Hakaste studied in Tampere and began his career working in various architectural firms. During the recession in the 1990s, he did his own design work, worked in associations, and delved into sustainable construction as well as resident-oriented design. He considers a varied work history important to an official.

Hakaste’s teacher parents live in Pori. Mom will soon turn 90 and start her day doing crossword puzzles and sudoku puzzles. Hakaste has planned a joint 150th anniversary celebration with his mother, as long as the corona pandemic subsides.
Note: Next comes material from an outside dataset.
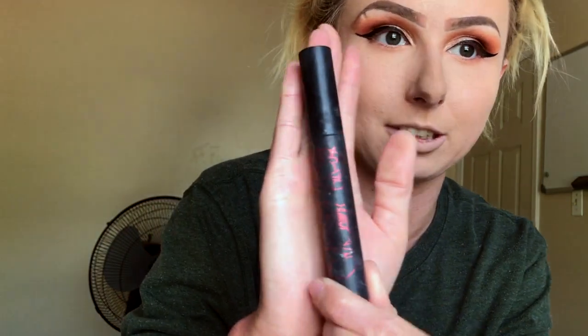Now mascara — I'm going to use my Maybelline Colossal Spider Effect mascara. It dried out really quickly after I got it and I thought it sucked, but then I discovered my cure-all: argan oil. Any makeup that dries out, just put some of that in there and it's like brand new again.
“Aging is unavoidable, but its effects can be prevented. I consider it really important to stay mentally alert, ”she says, saying she sees a good example in her mother.

Harri Hakaste

  • Born in 1962 on Viitasaari.

  • Attended school in Pori, became a student in 1981.

  • Graduated as an architect from Tampere University of Technology in 1990.

  • Design work in the architectural offices of Juhani Katainen, Heikkinen-Komonen, Aitoaho-Viljanen and Järvinen-Airas 1986–1993.

  • Participates in the activities of Eko-Safan, the cooperative Ansion, the housing rights association Helas and the Ekorinki project

  • As an official in the Ministry of the Environment since 2003.

  • Married to interior designer Sirpa Laaninen, two teenage boys.

  • Turns 60 on Tuesday, January 18th.